11 July 2007

Wordless

Today was my first day alive. Okay, that was an exaggeration.
It was just my first day back in Kenya after three years' absence. Too long. Maybe. We'll see what I think when August 20th come rollin' around!

As I drove through Nairobi and back to Kijabe I tried to think up words to describe how I felt more accurately than, "It's awesome!" It wasn't much good; my mind didn't do much to assist the rest of my senses and 'metaphysical' evidences that were juicing me full of emotions; I just couldn't eek any words out of it.

The first thing I thought of was, "This is perfect. I remember again what it is to be alive." Along this line of thinking, I tried to developed analogies that could better grasp it:
"Its like driving a car from the forties that hasn't been taken care of, then driving a luxury sedan. And you say, 'Yes, this is what it is to drive.'"
"Its like hiking with shoes that give you just the slightest blisters; just that minute annoyance so you come to not notice. But then you wear shoes that feel like they were made for nothing other than your feet, and you think, 'Yes, this is what it is like to hike!'"
But I realized that with these, if the later case is a grander form of perfection, it is only due to the imperfection of the former. And I don't think California is any less perfect than Kenya. (Don't faint) See, in my mind to compliment on alternative does not diminish another option at all. But I have recently discovered that for many people, this is the case. So for this analogy to work, it must be understood that when I say that Kenya is like that perfect pair of shoes I am not saying California is an annoying flop; just that Kenya is a breath of fresh air (but a 'fresh air' compared to what? you may ask). So while this line of thinking is completely accurate, it is also completely inadequate.
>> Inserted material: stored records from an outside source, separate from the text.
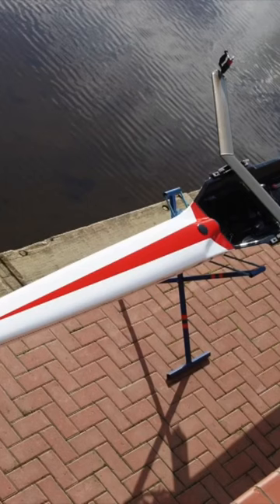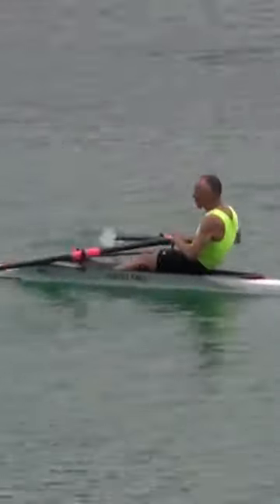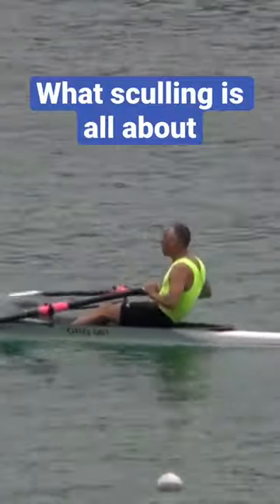I can still remember the first stroke that I took in a fine boat, a thin boat, because it was amazing. The speed that I got just at the end of one stroke — whoosh — I was flying. It was a real thrill to scull in a fine boat. When you get in a fine boat, that's when you realise what sculling is all about.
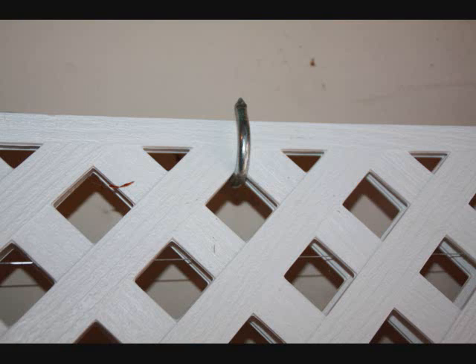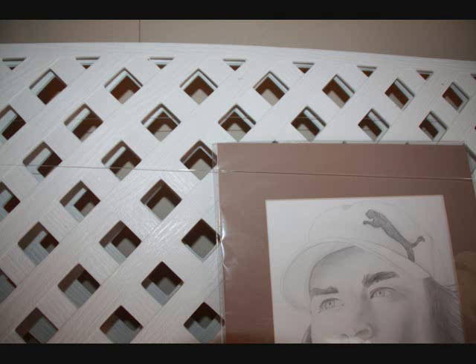What I wound up doing was buying the lattice caps for wooden lattice — you can see here — and turned them upside down. I painted them and mounted them right on the lattice panel with zip ties. The pictures fit neatly on those slots, and I used a little bit of fishing line monofilament across the top to prevent them flying in the wind.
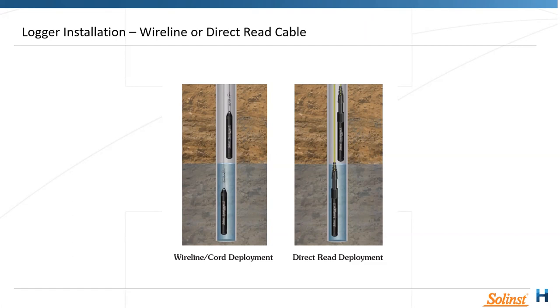That placement approach is different when looking at an LTC. We definitely want to sit LTCs at the screen so we can capture a clear representation of the aquifer's EC levels. So when choosing LTCs as opposed to just level loggers, sitting them at the screen is important.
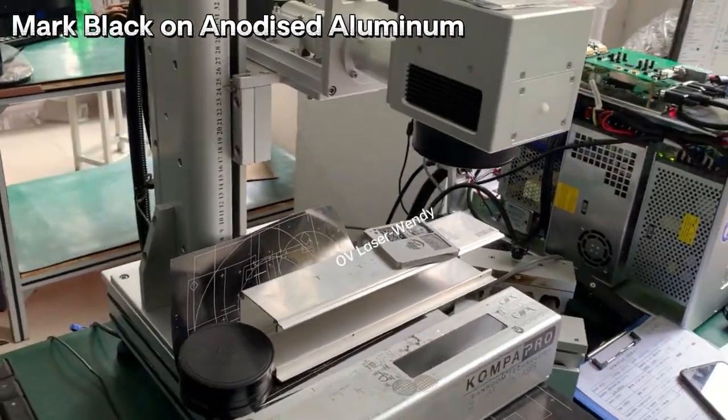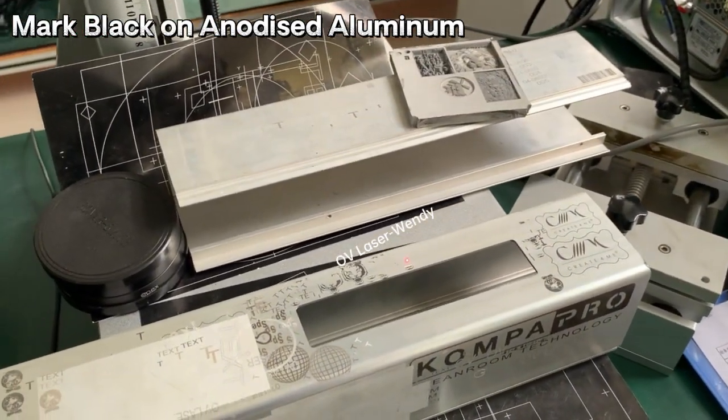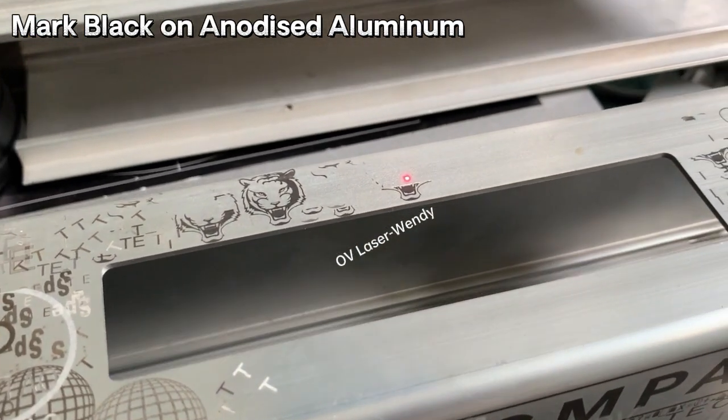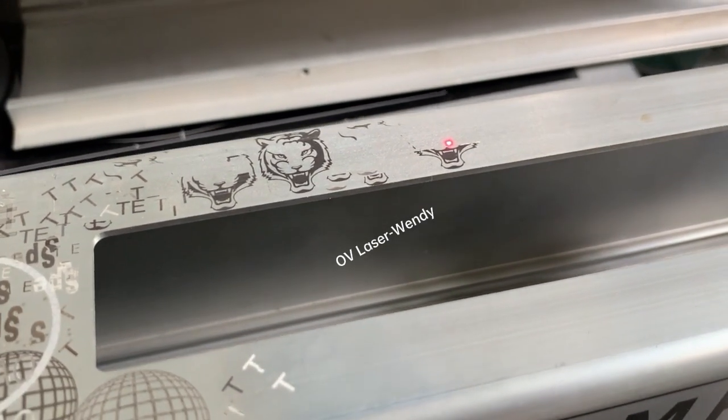This is also 60 Watt, with 110 BMS, and this material is anodized aluminum. You can see it can mark light on it.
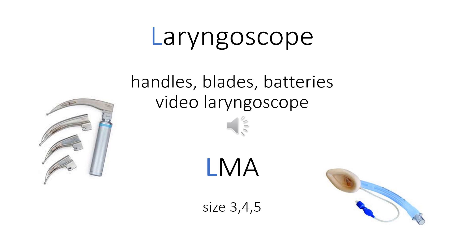L is for laryngoscope and LMA. Check that you have two laryngoscope handles and different sized blades. Assemble the laryngoscope and check that the light is shining brightly — if not, new batteries might be needed. If you have a video laryngoscope, have it ready and assembled. LMA is important for emergencies like can't intubate or can't ventilate scenarios. Have different sizes available.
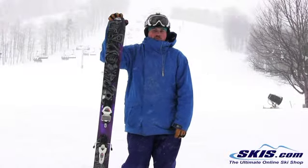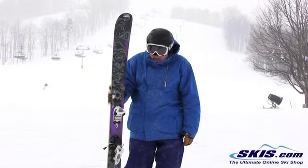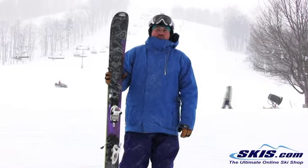Hi, this is Tom. I'm here with the K2 Obseth. I'm going to give this ski 3 out of 5 stars. Wide ski, lots of rocker to the tip, so it's definitely your pow, crud, deep snow type ski.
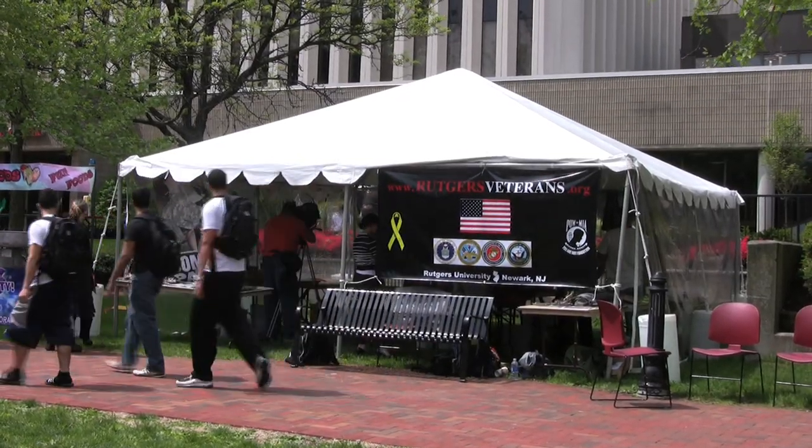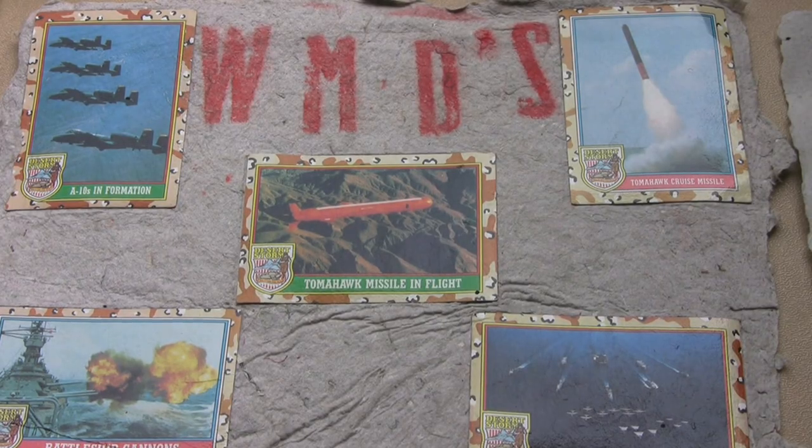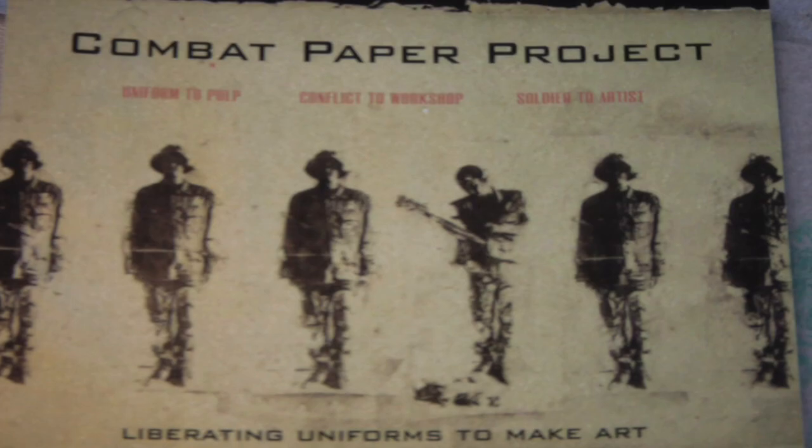The Combat Paper Project brings veterans together to share in a series of exercises that include cutting up the uniforms and making paper out of the uniforms, as well as writing about their experiences while overseas or since they've come home. Since November 2007 we've been traveling both nationally and internationally working with ex-combatants and ex-military personnel.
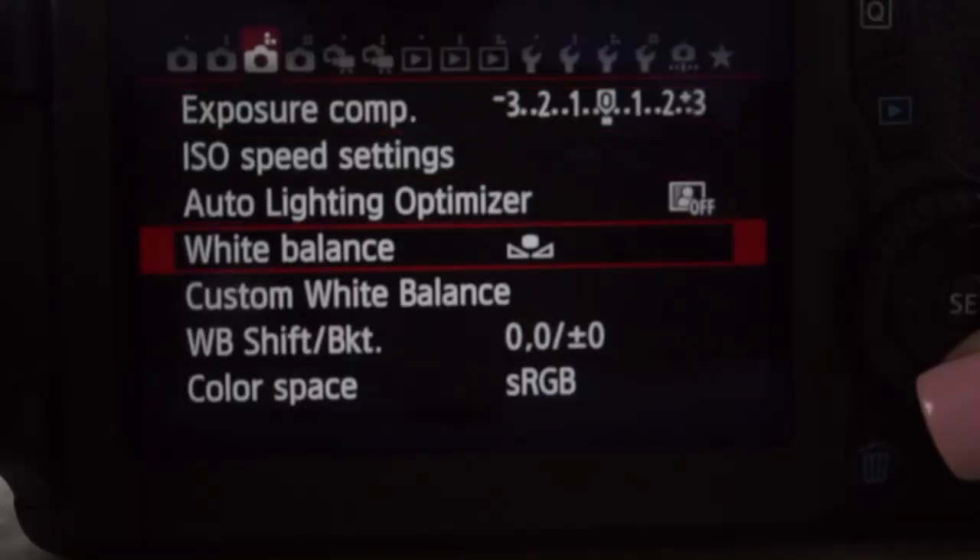Number two is super key — customizing your white balance. You're going to need a gray card. I got one off Amazon for only seven dollars and I have it linked in my Amazon store below. Some people don't customize their white balance and do it in their editing software, but I personally use a very affordable editing software — I use Pinnacle, not Final Cut Pro or Adobe Premiere Pro — which doesn't allow me to color correct when I import my footage. Using a gray card will make you film true to color.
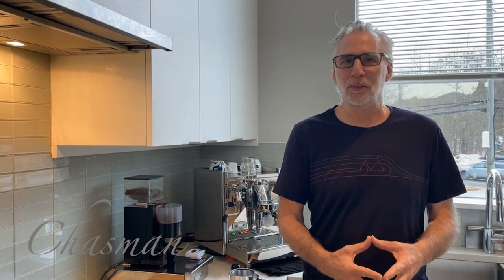Hi, I'm Chazman. Welcome to my channel, Coffee with Chazman, which was inspired by my friends to talk about things I'm passionate about, which includes, of course, coffee,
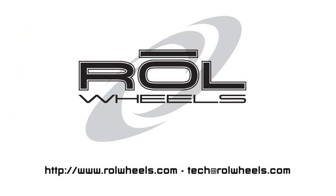Thanks for watching. Check out RoadWheels.com for more tech tips or email us at tech@RoadWheels.com.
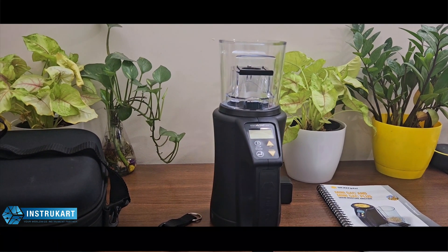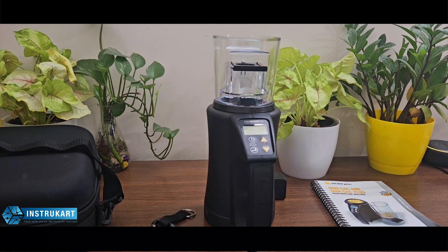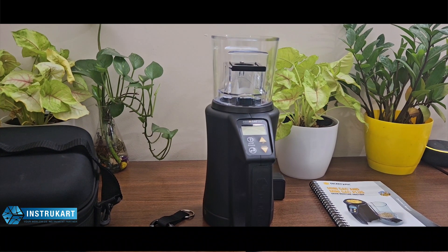Hello and welcome to InstruCart, your worldwide instrument partner. You have got a very advanced grain moisture meter which is offered by Dickey-John.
Next, as I saw the slopes of Longonot for the first time as I sat on Upper Field --it was extremely foggy on the drive in-- my first thought was, Now these lines are natural to my eyes. Like green and grass, they just go together. It was as if my eyes had to focus just a little harder and work a little longer to get the 'right' images elsewhere, but when my eyes beheld Longonot it took no effort, it was seamless, like another part of myself. Like I wasn't even absorbing an image from the outside, but rather than an image from the inside was projected into the physical world. That this whole being here, this whole talking to people, seeing people, smelling people --this whole trip is not a dive into some new and foreign environment, but rather that some deeper part of myself was manifesting itself through every sight, sound, and smell around me so that there was no absorption, but instead agreement with what already existed in the deepest parts of me. This seems to be much more adequate, but incredibly less accurate: The whole existence and interaction with Kenya is a mere projection of some deep life stored up inside of me? Yeah right. I don't even think a New Agist would agree with that one! No, of course the hard reality of Kenya that exists outside myself is still wholly intact, and it was that reality I encountered, but I think I discovered that I had kept the heart of Kenya so alive that even though everything looks different and all the people are certainly foreign, there heart's beat to the same pulse, so it felt like it was a manifestation of who I am inside --or at least a part of who I am.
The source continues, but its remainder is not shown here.